What to produce –
The lines to reproduce from the material below are those from the one containing "Patagonia Boardshort Label" through the one containing "Aesop Moroccan Neroli", both included; write them out exactly and add nothing.

Data provided –
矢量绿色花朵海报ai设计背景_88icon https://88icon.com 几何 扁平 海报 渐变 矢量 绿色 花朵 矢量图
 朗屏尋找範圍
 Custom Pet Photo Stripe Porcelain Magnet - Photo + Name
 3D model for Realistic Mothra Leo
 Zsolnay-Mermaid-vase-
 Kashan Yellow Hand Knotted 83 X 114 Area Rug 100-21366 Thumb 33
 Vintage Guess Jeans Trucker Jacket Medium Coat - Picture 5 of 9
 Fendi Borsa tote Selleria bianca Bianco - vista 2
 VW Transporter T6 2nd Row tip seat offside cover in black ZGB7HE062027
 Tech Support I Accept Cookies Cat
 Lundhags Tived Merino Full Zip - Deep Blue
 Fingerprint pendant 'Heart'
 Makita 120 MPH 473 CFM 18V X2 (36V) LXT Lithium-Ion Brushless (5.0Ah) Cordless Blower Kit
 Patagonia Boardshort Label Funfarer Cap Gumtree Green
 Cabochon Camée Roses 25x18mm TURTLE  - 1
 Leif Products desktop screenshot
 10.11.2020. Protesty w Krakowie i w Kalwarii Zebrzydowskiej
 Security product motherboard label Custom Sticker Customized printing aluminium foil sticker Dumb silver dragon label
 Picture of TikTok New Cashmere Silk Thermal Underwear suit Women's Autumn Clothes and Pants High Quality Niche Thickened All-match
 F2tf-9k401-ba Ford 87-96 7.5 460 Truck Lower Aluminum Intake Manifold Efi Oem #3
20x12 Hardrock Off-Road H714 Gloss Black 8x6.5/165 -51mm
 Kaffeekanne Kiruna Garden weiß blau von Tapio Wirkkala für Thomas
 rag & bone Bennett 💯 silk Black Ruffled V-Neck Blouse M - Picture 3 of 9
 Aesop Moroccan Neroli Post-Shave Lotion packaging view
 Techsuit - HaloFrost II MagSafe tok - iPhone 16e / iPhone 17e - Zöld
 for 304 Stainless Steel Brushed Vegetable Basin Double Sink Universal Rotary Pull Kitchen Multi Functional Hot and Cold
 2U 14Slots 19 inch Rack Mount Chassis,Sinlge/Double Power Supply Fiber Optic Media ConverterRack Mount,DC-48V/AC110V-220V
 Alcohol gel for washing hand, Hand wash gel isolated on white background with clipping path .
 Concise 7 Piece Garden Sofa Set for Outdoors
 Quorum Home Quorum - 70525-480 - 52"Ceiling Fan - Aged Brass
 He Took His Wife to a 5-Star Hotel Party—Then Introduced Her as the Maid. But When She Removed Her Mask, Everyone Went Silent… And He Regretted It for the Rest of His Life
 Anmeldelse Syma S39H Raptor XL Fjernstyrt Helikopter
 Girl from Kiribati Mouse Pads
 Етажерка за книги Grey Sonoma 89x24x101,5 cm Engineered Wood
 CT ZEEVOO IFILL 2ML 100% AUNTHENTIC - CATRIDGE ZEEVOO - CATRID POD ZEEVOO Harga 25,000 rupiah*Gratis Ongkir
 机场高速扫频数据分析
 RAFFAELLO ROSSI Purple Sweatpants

Written answer –
 Patagonia Boardshort Label Funfarer Cap Gumtree Green
 Cabochon Camée Roses 25x18mm TURTLE  - 1
 Leif Products desktop screenshot
 10.11.2020. Protesty w Krakowie i w Kalwarii Zebrzydowskiej
 Security product motherboard label Custom Sticker Customized printing aluminium foil sticker Dumb silver dragon label
 Picture of TikTok New Cashmere Silk Thermal Underwear suit Women's Autumn Clothes and Pants High Quality Niche Thickened All-match
 F2tf-9k401-ba Ford 87-96 7.5 460 Truck Lower Aluminum Intake Manifold Efi Oem #3
20x12 Hardrock Off-Road H714 Gloss Black 8x6.5/165 -51mm
 Kaffeekanne Kiruna Garden weiß blau von Tapio Wirkkala für Thomas
 rag & bone Bennett 💯 silk Black Ruffled V-Neck Blouse M - Picture 3 of 9
 Aesop Moroccan Neroli Post-Shave Lotion packaging view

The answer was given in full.